How were camp guards recruited ?

Discussion in 'The Holocaust' started by Owen, Oct 26, 2009.

  1. Owen

    Owen -- --- -.. MOD

    The Holocaust isn't my strongest point in the history of WW2.
    I've had a search on the forum for an answer , I'm sure we had a thread about this before but can't find it.
    So how did someone get to be an SS camp guard?
    Did they wander into a recruiting office & ask to be one?
    Were they unfit Waffen-SS rejects ?
    I just wondered did they want to be there or they just ended up being posted there?
     
  2. von Poop

    von Poop Adaministrator Admin

    Some routes mentioned on Nizkor, from the tribunals:
    Trials of German Major War Criminals: Volume 21

    "Of further significance is the following: As early as 1939 Wehrbezirkskommandos were drafting men for the Waffen SS. The witness Brill has also spoken on this subject. And Wehrbezirkskommandos drafted men to guard concentration camps by drafting them into the Waffen SS.

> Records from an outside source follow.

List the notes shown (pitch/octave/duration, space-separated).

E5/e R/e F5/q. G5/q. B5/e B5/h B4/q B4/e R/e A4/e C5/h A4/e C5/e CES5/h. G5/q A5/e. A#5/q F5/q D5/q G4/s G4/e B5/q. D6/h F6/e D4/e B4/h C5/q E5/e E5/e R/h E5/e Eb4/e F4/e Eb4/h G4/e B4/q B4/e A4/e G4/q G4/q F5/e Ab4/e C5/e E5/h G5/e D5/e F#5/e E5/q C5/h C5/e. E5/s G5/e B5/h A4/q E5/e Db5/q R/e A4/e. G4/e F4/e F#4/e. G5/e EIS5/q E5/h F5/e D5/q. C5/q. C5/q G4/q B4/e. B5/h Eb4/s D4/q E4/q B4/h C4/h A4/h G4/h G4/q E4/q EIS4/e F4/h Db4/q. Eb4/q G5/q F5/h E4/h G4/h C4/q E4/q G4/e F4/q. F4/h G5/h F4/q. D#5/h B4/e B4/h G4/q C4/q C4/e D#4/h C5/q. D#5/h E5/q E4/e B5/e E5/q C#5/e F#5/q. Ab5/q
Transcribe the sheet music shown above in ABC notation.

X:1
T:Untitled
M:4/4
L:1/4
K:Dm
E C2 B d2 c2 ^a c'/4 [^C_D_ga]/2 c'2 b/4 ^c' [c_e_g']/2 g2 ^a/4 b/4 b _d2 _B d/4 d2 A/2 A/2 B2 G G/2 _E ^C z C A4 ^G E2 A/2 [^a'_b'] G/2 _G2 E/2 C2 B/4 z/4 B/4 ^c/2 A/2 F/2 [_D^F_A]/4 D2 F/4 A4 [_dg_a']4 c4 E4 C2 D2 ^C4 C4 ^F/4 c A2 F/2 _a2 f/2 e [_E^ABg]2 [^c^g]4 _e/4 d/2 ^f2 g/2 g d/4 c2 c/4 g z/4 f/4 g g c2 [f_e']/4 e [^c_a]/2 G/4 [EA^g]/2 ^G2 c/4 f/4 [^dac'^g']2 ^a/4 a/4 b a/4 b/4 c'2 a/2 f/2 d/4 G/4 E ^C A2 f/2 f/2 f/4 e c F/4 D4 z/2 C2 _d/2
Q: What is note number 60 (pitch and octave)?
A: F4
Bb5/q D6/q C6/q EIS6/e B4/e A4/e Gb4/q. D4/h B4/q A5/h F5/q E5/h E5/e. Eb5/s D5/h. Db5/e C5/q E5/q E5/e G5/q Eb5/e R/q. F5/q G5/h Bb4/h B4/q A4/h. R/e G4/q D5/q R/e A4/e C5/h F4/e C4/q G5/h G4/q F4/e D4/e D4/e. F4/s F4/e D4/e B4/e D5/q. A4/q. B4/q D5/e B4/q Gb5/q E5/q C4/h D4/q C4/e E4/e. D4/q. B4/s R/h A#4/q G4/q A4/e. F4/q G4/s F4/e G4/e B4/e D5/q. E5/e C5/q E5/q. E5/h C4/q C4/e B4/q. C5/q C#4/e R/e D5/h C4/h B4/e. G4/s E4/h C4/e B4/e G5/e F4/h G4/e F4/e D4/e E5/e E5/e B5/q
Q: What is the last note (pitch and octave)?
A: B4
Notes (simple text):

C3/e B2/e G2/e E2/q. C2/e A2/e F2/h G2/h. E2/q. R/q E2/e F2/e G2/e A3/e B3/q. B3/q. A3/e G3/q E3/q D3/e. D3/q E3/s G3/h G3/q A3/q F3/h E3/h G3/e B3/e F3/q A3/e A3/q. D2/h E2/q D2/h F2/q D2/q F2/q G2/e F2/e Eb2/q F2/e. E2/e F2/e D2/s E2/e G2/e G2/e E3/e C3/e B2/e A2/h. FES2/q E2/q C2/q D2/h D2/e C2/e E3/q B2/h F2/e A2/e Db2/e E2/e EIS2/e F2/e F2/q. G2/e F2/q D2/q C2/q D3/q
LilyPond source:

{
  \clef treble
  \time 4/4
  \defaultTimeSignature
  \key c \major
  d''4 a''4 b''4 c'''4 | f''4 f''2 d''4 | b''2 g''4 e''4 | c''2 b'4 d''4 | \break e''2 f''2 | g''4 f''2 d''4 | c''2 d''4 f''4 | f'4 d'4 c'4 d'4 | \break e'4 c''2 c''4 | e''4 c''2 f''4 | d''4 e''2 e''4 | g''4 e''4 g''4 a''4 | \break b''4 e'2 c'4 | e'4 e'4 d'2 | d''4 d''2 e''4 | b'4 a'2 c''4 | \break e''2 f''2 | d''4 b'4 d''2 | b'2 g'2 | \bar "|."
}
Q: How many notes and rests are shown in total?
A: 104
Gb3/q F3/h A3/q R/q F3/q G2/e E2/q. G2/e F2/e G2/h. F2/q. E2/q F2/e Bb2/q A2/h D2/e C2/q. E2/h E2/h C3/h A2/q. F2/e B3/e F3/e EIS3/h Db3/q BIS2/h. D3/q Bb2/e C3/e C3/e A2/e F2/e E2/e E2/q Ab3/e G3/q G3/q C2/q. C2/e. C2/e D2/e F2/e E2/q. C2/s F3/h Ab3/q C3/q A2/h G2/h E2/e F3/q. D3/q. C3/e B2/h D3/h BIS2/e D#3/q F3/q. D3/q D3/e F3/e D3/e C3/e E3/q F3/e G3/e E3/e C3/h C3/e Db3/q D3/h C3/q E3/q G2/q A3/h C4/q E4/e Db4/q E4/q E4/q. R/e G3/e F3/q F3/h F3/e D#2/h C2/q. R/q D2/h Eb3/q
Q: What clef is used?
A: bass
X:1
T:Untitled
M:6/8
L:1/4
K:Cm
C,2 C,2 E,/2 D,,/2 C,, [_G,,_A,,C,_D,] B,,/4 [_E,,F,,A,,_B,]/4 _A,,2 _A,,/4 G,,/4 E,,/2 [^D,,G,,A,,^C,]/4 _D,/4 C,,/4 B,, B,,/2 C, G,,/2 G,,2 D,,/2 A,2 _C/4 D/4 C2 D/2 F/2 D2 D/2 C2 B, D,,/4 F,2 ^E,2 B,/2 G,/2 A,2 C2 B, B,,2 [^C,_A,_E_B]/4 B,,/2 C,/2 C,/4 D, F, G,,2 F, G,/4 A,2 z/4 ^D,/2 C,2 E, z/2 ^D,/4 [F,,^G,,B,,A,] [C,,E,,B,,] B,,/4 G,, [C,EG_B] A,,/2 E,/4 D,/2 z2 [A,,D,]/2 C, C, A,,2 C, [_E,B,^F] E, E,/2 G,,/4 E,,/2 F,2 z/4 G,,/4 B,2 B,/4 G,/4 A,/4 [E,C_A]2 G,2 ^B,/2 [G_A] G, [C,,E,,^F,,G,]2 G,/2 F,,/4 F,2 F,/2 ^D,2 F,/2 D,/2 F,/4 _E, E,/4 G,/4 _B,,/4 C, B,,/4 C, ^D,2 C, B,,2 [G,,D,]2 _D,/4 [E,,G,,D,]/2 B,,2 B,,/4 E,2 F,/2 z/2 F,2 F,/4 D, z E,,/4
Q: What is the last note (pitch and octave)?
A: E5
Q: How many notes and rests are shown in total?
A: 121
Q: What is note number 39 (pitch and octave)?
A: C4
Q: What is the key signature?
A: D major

    Further, members of the Reich labour service were taken over forcibly into the Waffen SS. The concentration camp guards were supplied by the Labour Office; through so-called emergency service obligation the Labour Office obtained the men for concentration camp guards, and there they were taken over forcibly into the Waffen SS. Some minor points are the forcible transfer of postal officials for the aid of the German Reich Post service at the front and for the SS field post."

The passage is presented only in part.